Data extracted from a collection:

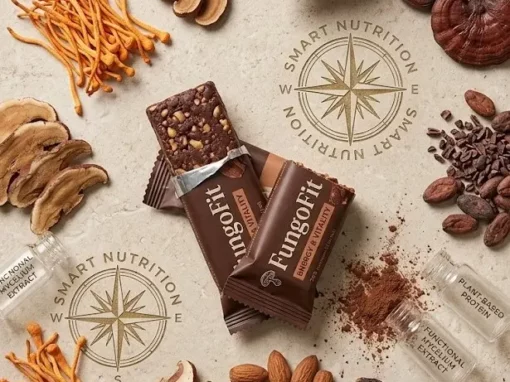 A spread of healthy snack ideas including protein bars, nuts and fresh fruit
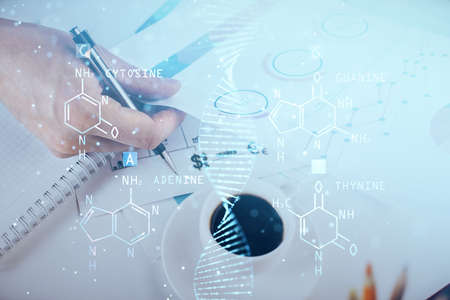 Mans hands working with notes background. Genetic engineering and gene manipulation concept. Multi...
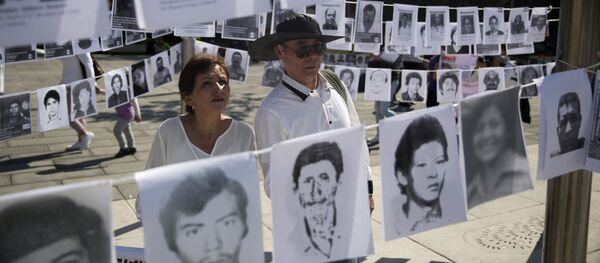 Una pareja mira las imágenes de personas desaparecidas - Sputnik Mundo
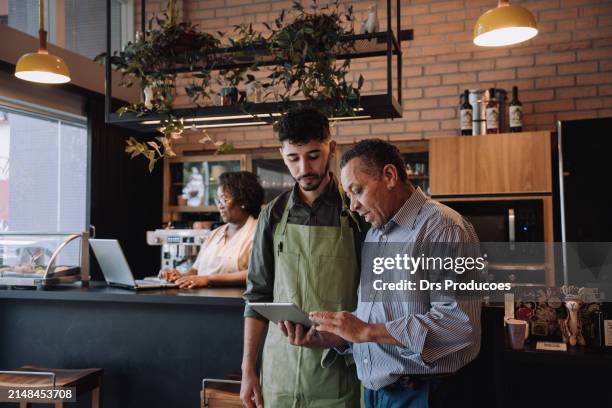 el dueño de una cafetería habla con el empleado - pequeña empresa fotografías e imágenes de stock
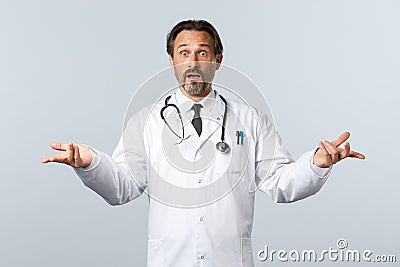 Covid-19, coronavirus outbreak, healthcare workers and pandemic concept. Worried indecisive male doctor in white coat Stock Photo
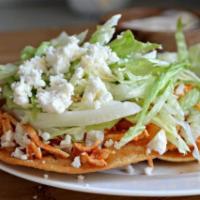 Tostadas · Crispy corn tortilla topped with protein, cheese, lettuce, refried beans and sour cream.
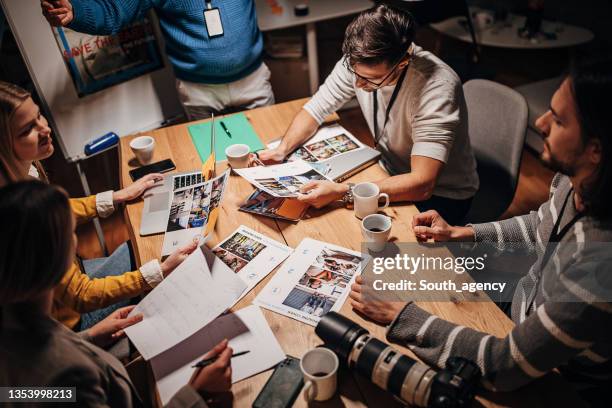 equipo de periodistas trabajando hasta tarde - newsroom fotografías e imágenes de stock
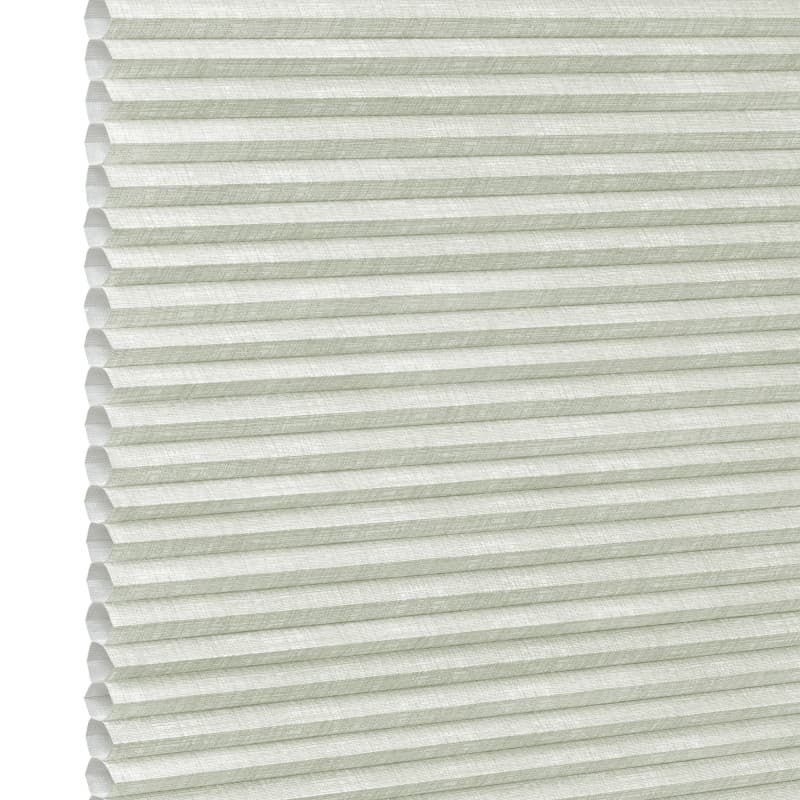 Pale green honeycomb (cellular) blind, fully lowered with visible hexagonal cells and textured fabric; closed, gently diffusing daylight; fills the frame against a bright neutral background suggesting an interior window.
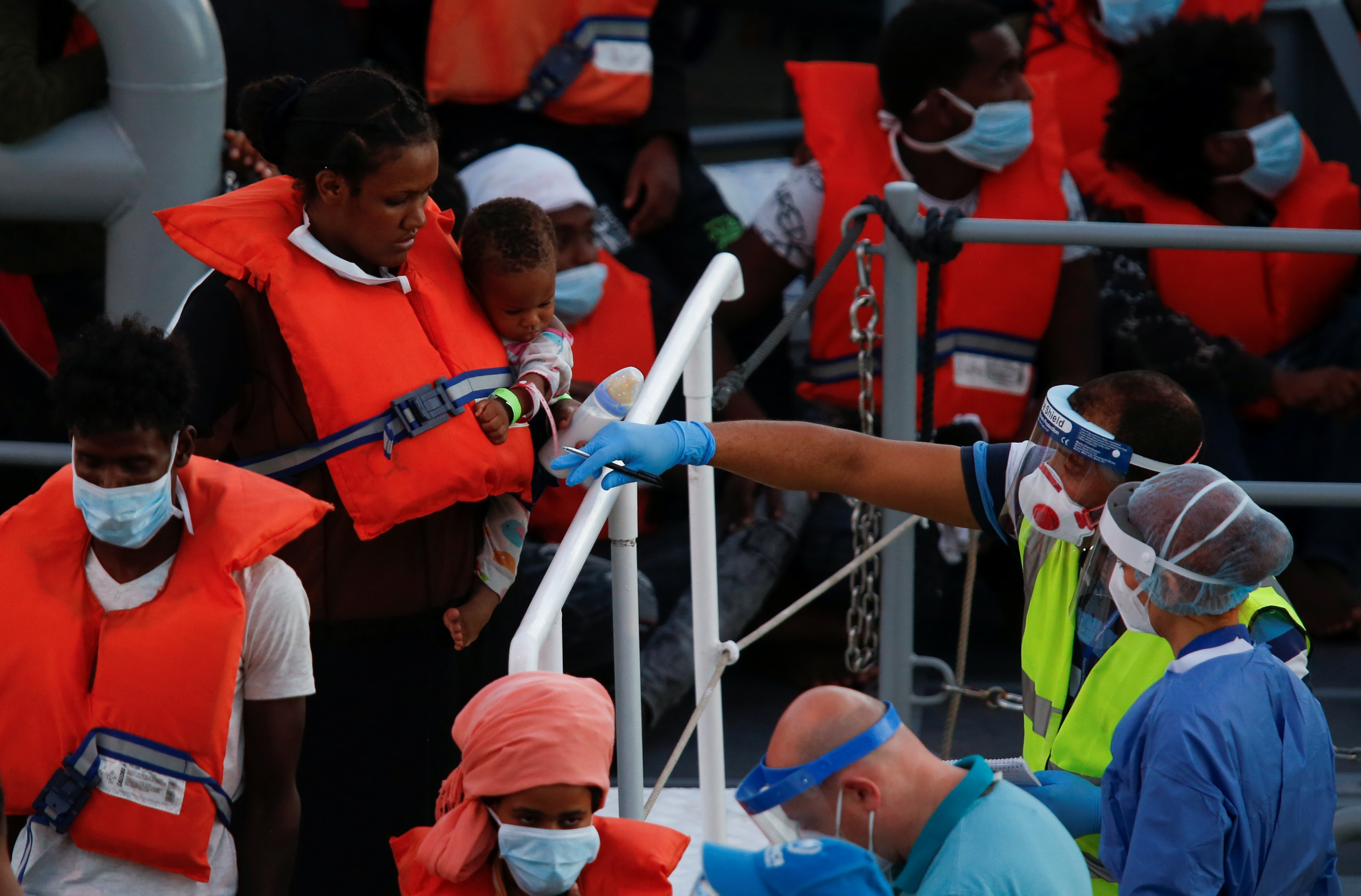 Rescued migrants disembark during their arrival in Senglea, in Valletta's Grand Harbour, as the coronavirus disease (COVID-19) outbreak continues, Malta July 27, 2020. REUTERS/Darrin Zammit Lupi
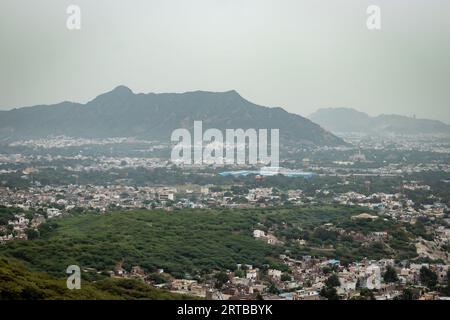 Überfüllte Stadthäuser Landschaft mit nebelnem Berg Hintergrund am Morgen aus flachem Winkel Bild wird in ajmer rajasthan indien aufgenommen Stockfoto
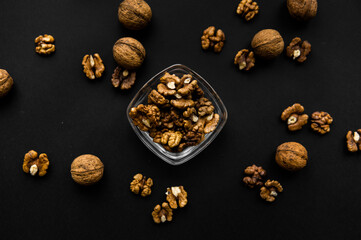 Obraz na płótnie Canvas Walnut in a small plate with scattered shelled nuts which standing on a black surface. Walnuts is a healthy vegetarian protein nutritious food.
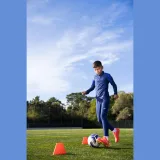 KIPSTA Detské futbalové kopačky VIRALTO III FG koralovočervené 38 · záber 2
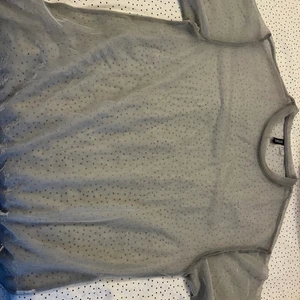 Genomskinligt glitter överplagg - Snyggt stort festligt överplagg. Passar på raves och konserter 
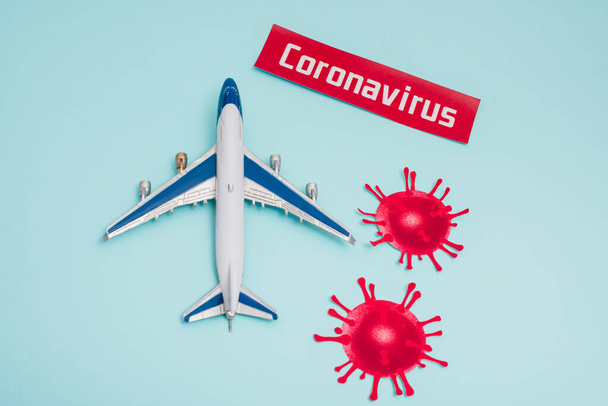 Top view of toy near card with coronavirus lettering and decorative coronavirus molecules on blue - Fotografie, Obrázek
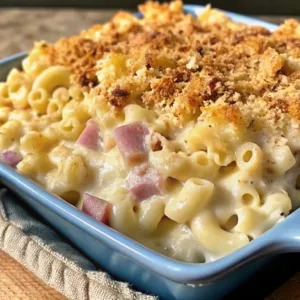A side view of a blue baking dish filled with homemade macaroni and cheese featuring savory protein cubes and a thick, crunchy breadcrumb topping.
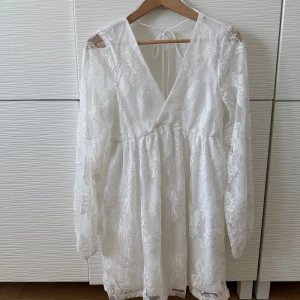 Vit blommig klänning med spetsdetaljer - Säljer en vacker vit klänning med blommigt spetsmönster och v-ringning. Klänningen har långa ärmar och en knytning i ryggen. Perfekt för sommarens festligheter!  Perfekt som studentklänning eller till midsommar. Innerklänning så man ej ser igenom. Köpte för att ha till studenten, men alldeles för kort för mig, därav prislapp kvar och aldrig använd. Lite skimrigt i tyget. Från GinaTricot, storlek S.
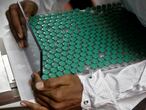 FILE PHOTO: An employee in personal protective equipment (PPE) removes vials of AstraZeneca's COVISHIELD, coronavirus disease (COVID-19) vaccine from a visual inspection machine inside a lab at Serum Institute of India, in Pune, India, November 30, 2020. REUTERS/Francis Mascarenhas/File Photo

◆ YOUR ASSIGNMENT ◆
Apart from the pictures, the entries above are to be repeated in full and exactly.

◆ EXPECTED OUTPUT ◆
 A spread of healthy snack ideas including protein bars, nuts and fresh fruit
 Mans hands working with notes background. Genetic engineering and gene manipulation concept. Multi...
 Una pareja mira las imágenes de personas desaparecidas - Sputnik Mundo
 el dueño de una cafetería habla con el empleado - pequeña empresa fotografías e imágenes de stock
 Covid-19, coronavirus outbreak, healthcare workers and pandemic concept. Worried indecisive male doctor in white coat Stock Photo
 Tostadas · Crispy corn tortilla topped with protein, cheese, lettuce, refried beans and sour cream.
 equipo de periodistas trabajando hasta tarde - newsroom fotografías e imágenes de stock
 Pale green honeycomb (cellular) blind, fully lowered with visible hexagonal cells and textured fabric; closed, gently diffusing daylight; fills the frame against a bright neutral background suggesting an interior window.
 Rescued migrants disembark during their arrival in Senglea, in Valletta's Grand Harbour, as the coronavirus disease (COVID-19) outbreak continues, Malta July 27, 2020. REUTERS/Darrin Zammit Lupi
 Überfüllte Stadthäuser Landschaft mit nebelnem Berg Hintergrund am Morgen aus flachem Winkel Bild wird in ajmer rajasthan indien aufgenommen Stockfoto
 Obraz na płótnie Canvas Walnut in a small plate with scattered shelled nuts which standing on a black surface. Walnuts is a healthy vegetarian protein nutritious food.
 KIPSTA Detské futbalové kopačky VIRALTO III FG koralovočervené 38 · záber 2
 Genomskinligt glitter överplagg - Snyggt stort festligt överplagg. Passar på raves och konserter 
 Top view of toy near card with coronavirus lettering and decorative coronavirus molecules on blue - Fotografie, Obrázek
A side view of a blue baking dish filled with homemade macaroni and cheese featuring savory protein cubes and a thick, crunchy breadcrumb topping.
 Vit blommig klänning med spetsdetaljer - Säljer en vacker vit klänning med blommigt spetsmönster och v-ringning. Klänningen har långa ärmar och en knytning i ryggen. Perfekt för sommarens festligheter!  Perfekt som studentklänning eller till midsommar. Innerklänning så man ej ser igenom. Köpte för att ha till studenten, men alldeles för kort för mig, därav prislapp kvar och aldrig använd. Lite skimrigt i tyget. Från GinaTricot, storlek S.
 FILE PHOTO: An employee in personal protective equipment (PPE) removes vials of AstraZeneca's COVISHIELD, coronavirus disease (COVID-19) vaccine from a visual inspection machine inside a lab at Serum Institute of India, in Pune, India, November 30, 2020. REUTERS/Francis Mascarenhas/File Photo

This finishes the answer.